* _Records shown_:
........
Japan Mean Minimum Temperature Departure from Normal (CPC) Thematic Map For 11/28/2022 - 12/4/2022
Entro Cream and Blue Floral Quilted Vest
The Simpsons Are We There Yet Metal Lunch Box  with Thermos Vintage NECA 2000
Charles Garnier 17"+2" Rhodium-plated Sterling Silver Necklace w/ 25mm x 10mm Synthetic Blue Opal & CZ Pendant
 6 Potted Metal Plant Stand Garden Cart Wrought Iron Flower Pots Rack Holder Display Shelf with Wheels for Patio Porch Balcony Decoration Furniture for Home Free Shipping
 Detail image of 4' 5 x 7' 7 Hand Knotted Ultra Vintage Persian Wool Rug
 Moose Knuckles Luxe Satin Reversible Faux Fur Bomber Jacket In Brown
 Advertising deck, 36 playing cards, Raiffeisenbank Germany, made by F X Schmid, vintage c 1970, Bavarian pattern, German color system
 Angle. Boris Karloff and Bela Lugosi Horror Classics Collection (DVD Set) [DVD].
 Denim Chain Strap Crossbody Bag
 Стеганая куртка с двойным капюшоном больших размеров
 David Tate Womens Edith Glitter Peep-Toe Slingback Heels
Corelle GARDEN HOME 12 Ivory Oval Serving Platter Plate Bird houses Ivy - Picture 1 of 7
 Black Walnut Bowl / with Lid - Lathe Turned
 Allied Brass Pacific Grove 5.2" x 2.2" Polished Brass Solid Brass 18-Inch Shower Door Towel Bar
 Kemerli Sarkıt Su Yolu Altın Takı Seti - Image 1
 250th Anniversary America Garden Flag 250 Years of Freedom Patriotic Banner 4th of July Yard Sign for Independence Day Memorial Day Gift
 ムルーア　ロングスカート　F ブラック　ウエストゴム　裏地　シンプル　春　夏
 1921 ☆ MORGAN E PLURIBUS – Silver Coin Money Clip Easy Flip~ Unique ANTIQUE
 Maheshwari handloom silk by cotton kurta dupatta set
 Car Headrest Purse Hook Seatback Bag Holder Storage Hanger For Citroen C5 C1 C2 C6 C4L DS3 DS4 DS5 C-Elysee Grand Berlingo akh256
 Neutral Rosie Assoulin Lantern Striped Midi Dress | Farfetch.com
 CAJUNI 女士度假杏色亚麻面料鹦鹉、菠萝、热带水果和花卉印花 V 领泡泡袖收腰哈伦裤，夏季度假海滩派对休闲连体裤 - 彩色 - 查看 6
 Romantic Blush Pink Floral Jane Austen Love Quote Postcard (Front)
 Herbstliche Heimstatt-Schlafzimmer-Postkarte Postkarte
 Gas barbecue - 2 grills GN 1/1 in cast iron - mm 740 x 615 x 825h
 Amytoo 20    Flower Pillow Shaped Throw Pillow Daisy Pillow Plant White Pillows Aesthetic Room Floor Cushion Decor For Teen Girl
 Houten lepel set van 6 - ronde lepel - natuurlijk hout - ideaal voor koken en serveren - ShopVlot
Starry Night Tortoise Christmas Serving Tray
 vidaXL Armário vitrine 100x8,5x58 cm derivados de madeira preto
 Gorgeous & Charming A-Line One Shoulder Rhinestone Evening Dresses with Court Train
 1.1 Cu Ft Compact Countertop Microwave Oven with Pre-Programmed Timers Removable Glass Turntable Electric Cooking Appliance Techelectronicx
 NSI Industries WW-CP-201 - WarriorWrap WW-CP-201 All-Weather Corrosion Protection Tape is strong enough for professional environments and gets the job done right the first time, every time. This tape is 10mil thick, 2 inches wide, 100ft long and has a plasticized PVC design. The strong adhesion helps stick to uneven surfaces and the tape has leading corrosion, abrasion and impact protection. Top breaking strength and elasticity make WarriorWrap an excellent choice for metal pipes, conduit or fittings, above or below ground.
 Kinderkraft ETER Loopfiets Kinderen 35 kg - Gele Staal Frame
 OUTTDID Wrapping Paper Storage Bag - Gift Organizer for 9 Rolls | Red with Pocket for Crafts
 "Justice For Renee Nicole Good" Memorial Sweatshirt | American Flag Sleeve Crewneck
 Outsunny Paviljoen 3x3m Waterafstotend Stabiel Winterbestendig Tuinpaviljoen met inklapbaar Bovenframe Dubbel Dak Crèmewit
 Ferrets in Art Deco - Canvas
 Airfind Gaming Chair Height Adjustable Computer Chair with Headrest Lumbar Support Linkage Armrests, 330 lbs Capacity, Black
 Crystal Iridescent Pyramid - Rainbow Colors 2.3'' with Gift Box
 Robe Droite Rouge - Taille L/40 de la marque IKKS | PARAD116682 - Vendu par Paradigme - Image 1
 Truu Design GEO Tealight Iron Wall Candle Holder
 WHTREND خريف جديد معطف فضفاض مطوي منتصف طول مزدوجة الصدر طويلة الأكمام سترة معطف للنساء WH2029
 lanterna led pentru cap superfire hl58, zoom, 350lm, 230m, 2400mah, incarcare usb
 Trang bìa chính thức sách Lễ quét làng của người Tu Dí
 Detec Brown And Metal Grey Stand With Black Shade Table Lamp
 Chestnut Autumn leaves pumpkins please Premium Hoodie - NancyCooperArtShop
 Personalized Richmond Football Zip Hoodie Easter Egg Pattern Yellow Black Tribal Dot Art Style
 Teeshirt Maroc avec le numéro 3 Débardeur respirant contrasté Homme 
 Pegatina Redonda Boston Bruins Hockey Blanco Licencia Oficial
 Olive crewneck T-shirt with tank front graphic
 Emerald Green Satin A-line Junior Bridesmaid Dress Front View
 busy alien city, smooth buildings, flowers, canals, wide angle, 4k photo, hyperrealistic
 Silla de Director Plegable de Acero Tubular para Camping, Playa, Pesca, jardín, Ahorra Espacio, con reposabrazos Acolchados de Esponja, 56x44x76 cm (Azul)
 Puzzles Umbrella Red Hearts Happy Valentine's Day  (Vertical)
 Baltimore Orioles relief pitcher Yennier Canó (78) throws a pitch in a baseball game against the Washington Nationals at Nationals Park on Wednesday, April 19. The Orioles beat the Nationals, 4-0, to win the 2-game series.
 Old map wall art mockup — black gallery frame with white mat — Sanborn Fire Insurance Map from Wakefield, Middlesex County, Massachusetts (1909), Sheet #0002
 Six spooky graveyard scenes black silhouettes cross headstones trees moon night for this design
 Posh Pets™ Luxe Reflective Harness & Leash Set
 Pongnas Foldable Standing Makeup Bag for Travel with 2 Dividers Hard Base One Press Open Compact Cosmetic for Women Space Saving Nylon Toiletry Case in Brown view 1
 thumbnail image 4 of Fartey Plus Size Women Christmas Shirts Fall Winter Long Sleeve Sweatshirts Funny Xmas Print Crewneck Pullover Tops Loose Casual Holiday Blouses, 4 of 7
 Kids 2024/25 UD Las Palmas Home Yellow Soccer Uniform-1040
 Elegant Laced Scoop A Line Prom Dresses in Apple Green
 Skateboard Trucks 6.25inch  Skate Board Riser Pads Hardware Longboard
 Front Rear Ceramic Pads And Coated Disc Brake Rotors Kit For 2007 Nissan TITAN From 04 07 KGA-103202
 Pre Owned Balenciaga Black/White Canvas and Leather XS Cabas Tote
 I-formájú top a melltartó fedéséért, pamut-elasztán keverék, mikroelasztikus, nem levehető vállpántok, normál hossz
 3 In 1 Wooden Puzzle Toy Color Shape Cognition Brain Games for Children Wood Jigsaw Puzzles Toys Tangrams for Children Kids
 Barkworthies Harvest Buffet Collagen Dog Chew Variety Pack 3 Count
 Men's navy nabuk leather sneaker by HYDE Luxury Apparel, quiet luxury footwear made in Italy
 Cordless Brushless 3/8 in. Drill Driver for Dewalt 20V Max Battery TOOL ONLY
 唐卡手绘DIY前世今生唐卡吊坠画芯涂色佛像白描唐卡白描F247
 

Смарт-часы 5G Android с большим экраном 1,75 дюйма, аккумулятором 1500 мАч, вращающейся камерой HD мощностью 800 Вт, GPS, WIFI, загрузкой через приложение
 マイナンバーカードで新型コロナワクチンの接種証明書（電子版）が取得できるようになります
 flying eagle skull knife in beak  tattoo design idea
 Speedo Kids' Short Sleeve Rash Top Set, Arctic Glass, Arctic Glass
........
Nothing but the lines from the one with "3 In 1 Wooden" through the final line of the records may appear in the answer, and each must be transcribed exactly.

 3 In 1 Wooden Puzzle Toy Color Shape Cognition Brain Games for Children Wood Jigsaw Puzzles Toys Tangrams for Children Kids
 Barkworthies Harvest Buffet Collagen Dog Chew Variety Pack 3 Count
 Men's navy nabuk leather sneaker by HYDE Luxury Apparel, quiet luxury footwear made in Italy
 Cordless Brushless 3/8 in. Drill Driver for Dewalt 20V Max Battery TOOL ONLY
 唐卡手绘DIY前世今生唐卡吊坠画芯涂色佛像白描唐卡白描F247
 

Смарт-часы 5G Android с большим экраном 1,75 дюйма, аккумулятором 1500 мАч, вращающейся камерой HD мощностью 800 Вт, GPS, WIFI, загрузкой через приложение
 マイナンバーカードで新型コロナワクチンの接種証明書（電子版）が取得できるようになります
 flying eagle skull knife in beak  tattoo design idea
 Speedo Kids' Short Sleeve Rash Top Set, Arctic Glass, Arctic Glass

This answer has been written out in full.